[[ Data excerpt, beginning ]]
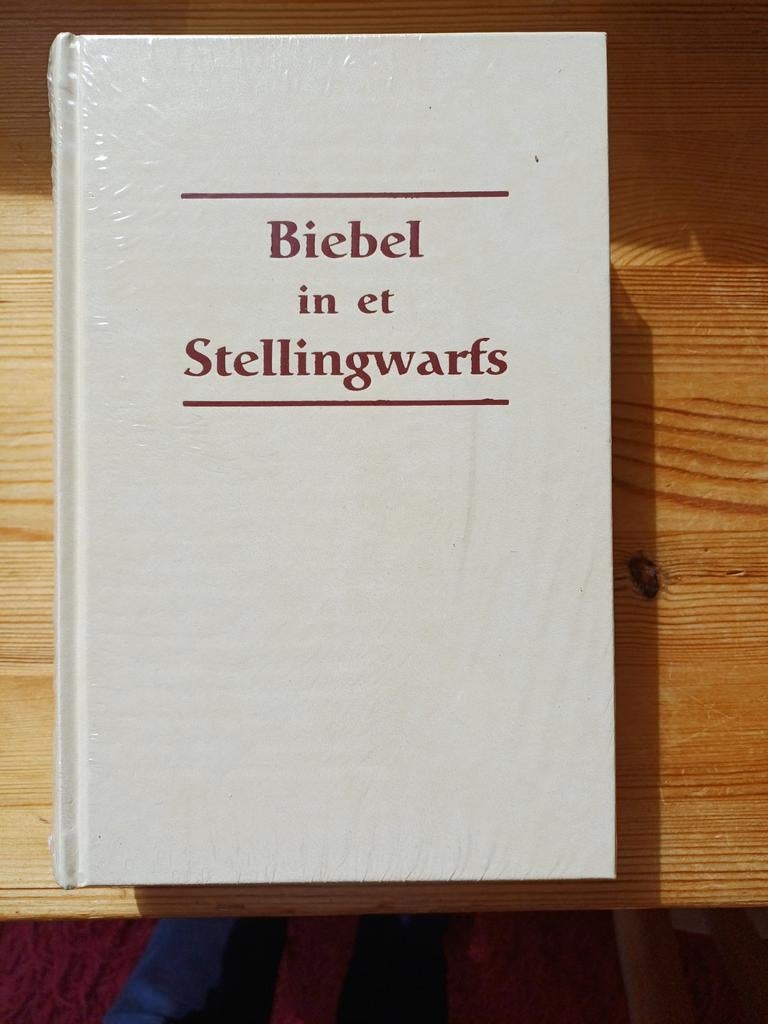 Biebel in et Stellingwarfs, Boeken, Ophalen of Verzenden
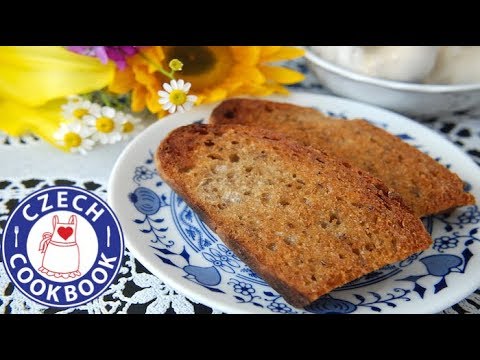 Fried Bread Recipe - Topinka - Czech Cookbook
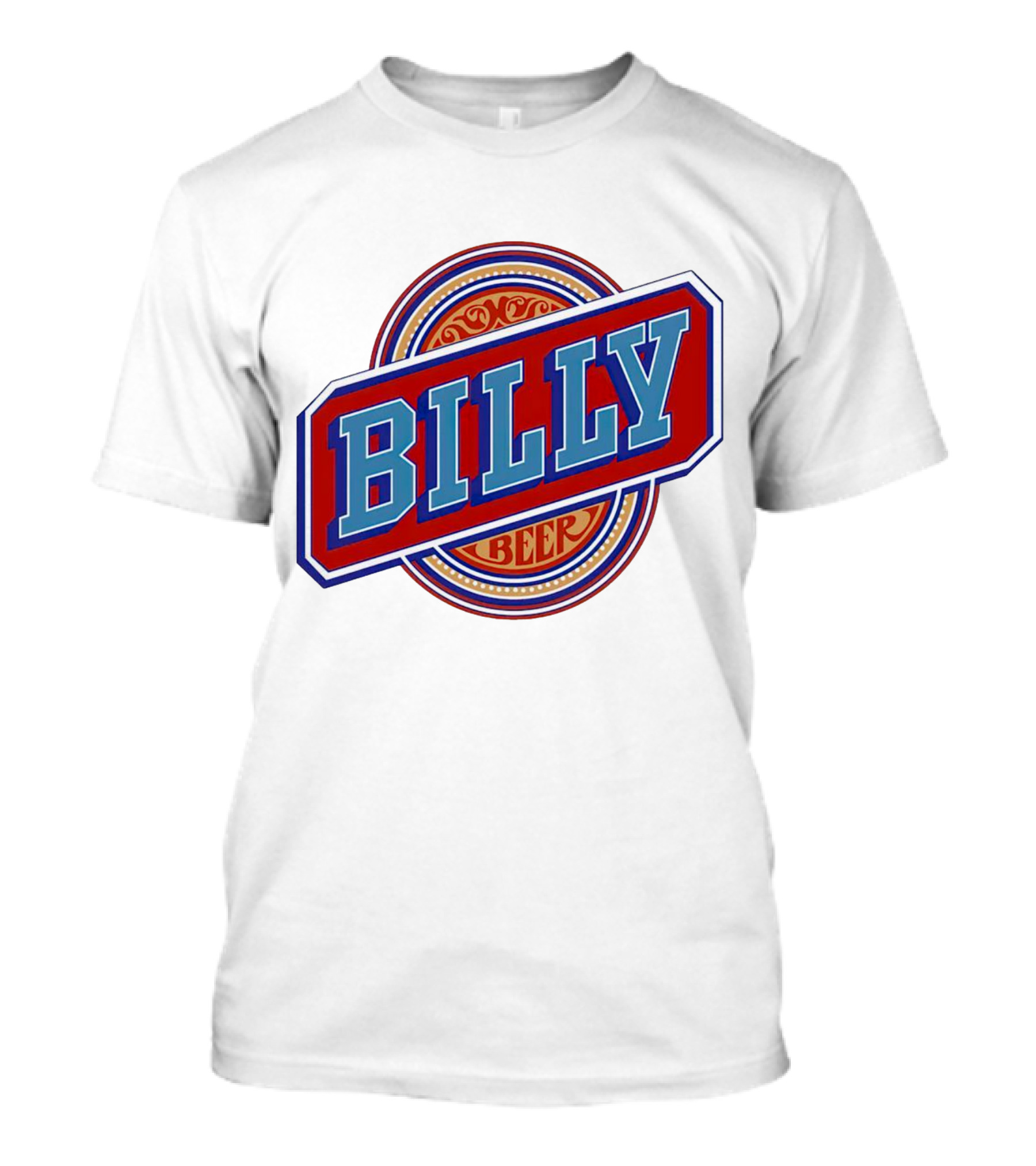 BILLY BEER Retro Vintage T-Shirt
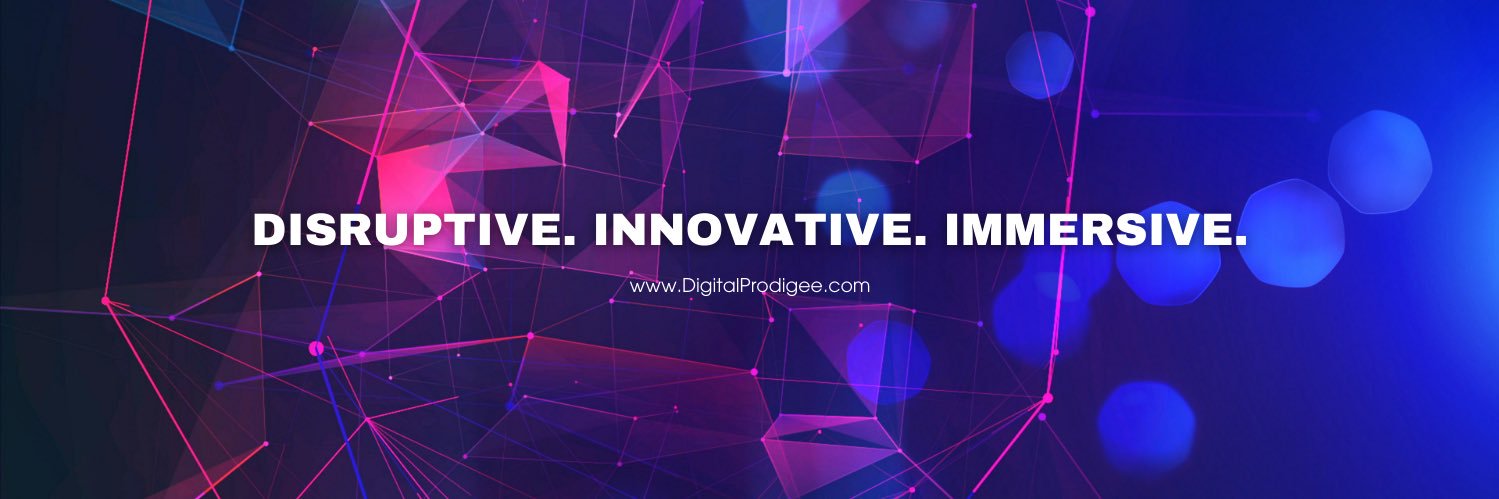 DigitalProdigee's profile banner image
[[ Data excerpt, end ]]
Problem: Pictures do not belong in the copy; repeat the rest of the listing exactly.

Expected answer:
 Biebel in et Stellingwarfs, Boeken, Ophalen of Verzenden
 Fried Bread Recipe - Topinka - Czech Cookbook
 BILLY BEER Retro Vintage T-Shirt
 DigitalProdigee's profile banner image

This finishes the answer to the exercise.